Breaking in a Jack Shirt

Everyone has experienced the pain of a properly fitting new shirt. It hurts, the sleeves are like vices, and the thing doesn’t want to come off. The Jack shirt feels impossible to break-in, and only starts to come around after several sets where you feel pretty much on the edge of killing yourself by dropping the bar.

Here is a possible solution:

I needed a shirt I could comfortably open with, so I ordered a shirt with a chest plate one size bigger than my normal shirt. I've been wearing a 52/50, 52 arms with a 50 chest plate. My newest shirt is a size 52. I thought it would be an easier shirt to break-in, but I was completely wrong. It proved just as difficult to get on, and the initial sets were just as difficult as my previous shirt was after my normal break-in process.

My normal break-in:

I stretched the shirt in the monolift using the weighted barbell method. I left it hanging with 500 pounds on it for two days. I soaked it six separate times.

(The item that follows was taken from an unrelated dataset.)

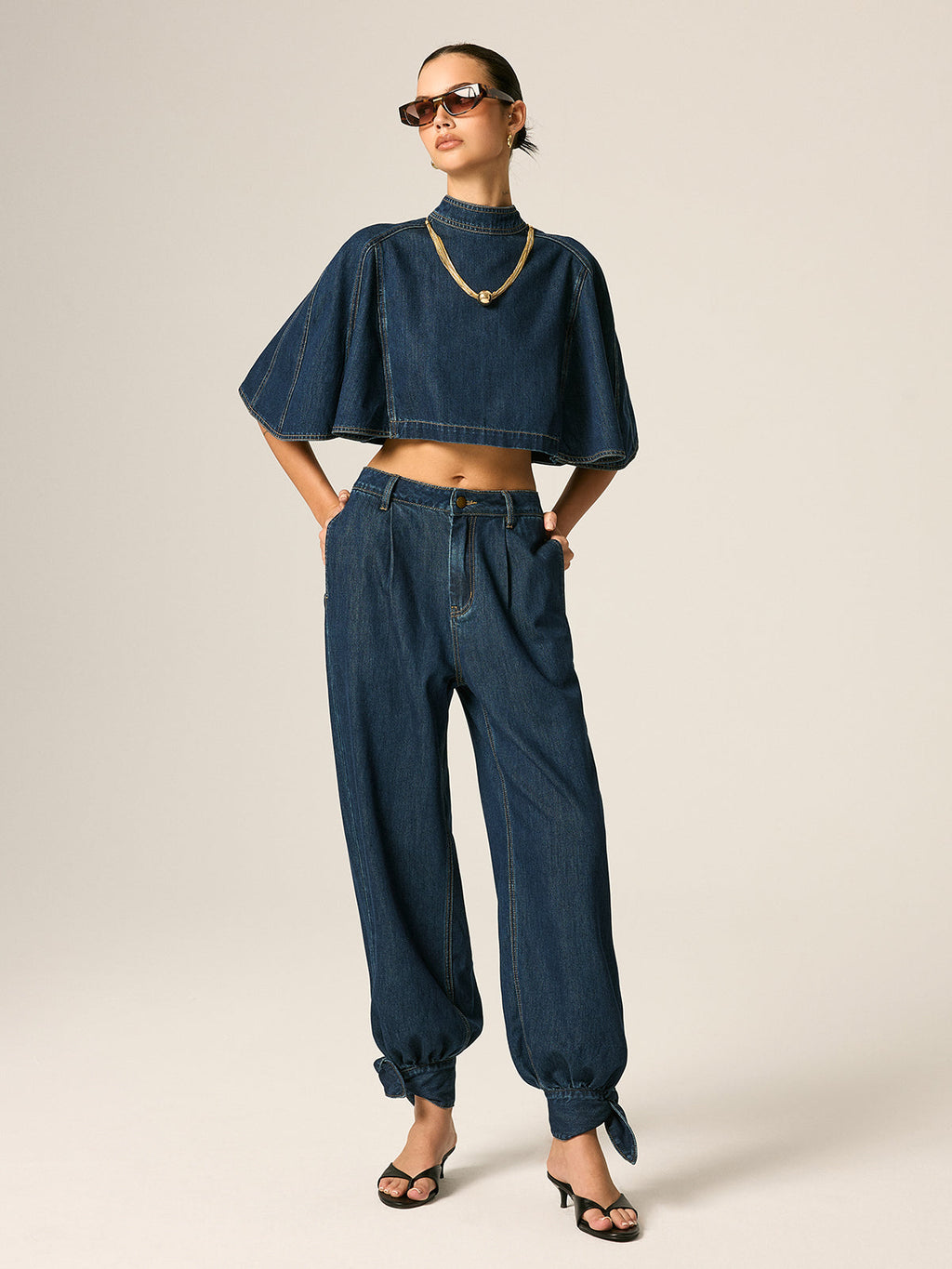 Cape Sleeve Back Zipper Cropped Denim Top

I trimmed the sleeves at least a quarter inch. I usually go more than that, but with a bigger chest plate, I didn’t want to take too much away from the shirt.

Time to bench:

When it was time to bench, I put on my shirt with the hope that it would be fairly easy. It was not. There was all the pain I remembered from the last break-in and maybe more. Plus, I was weighing a little more. I tried to do a few sets, but they were ugly and scary. It was locking up and the pain was too much to endure for more than one set. Taking a tight shirt on and off every set can get pretty time consuming, so I wanted a solution.

After taking the thing off for the second time I was looking at it while it was still inside out. I notice it looked exactly the same as it does in it’s proper form. I compared it to my other shirt and couldn’t tell any difference. The arms were pitched the same, it seemed like it would sit the same on my chest, and it was obvious that it would give me more room in the sleeves to work with. So I tried it.

It was immediately clear that the sleeves were bigger as we were sliding it on. Once I had it on, it was clear that I was more comfortable. The sets were easier. They felt much less on the edge of suicidal, and I could leave the shirt on for several sets. Success!

Last night was my second session in the shirt. It was as easy as I was the first time, and after four sets I was able to turn the shirt right side out and perform a few more sets.

This makes for a great way to break-in a shirt that at first seems impossible.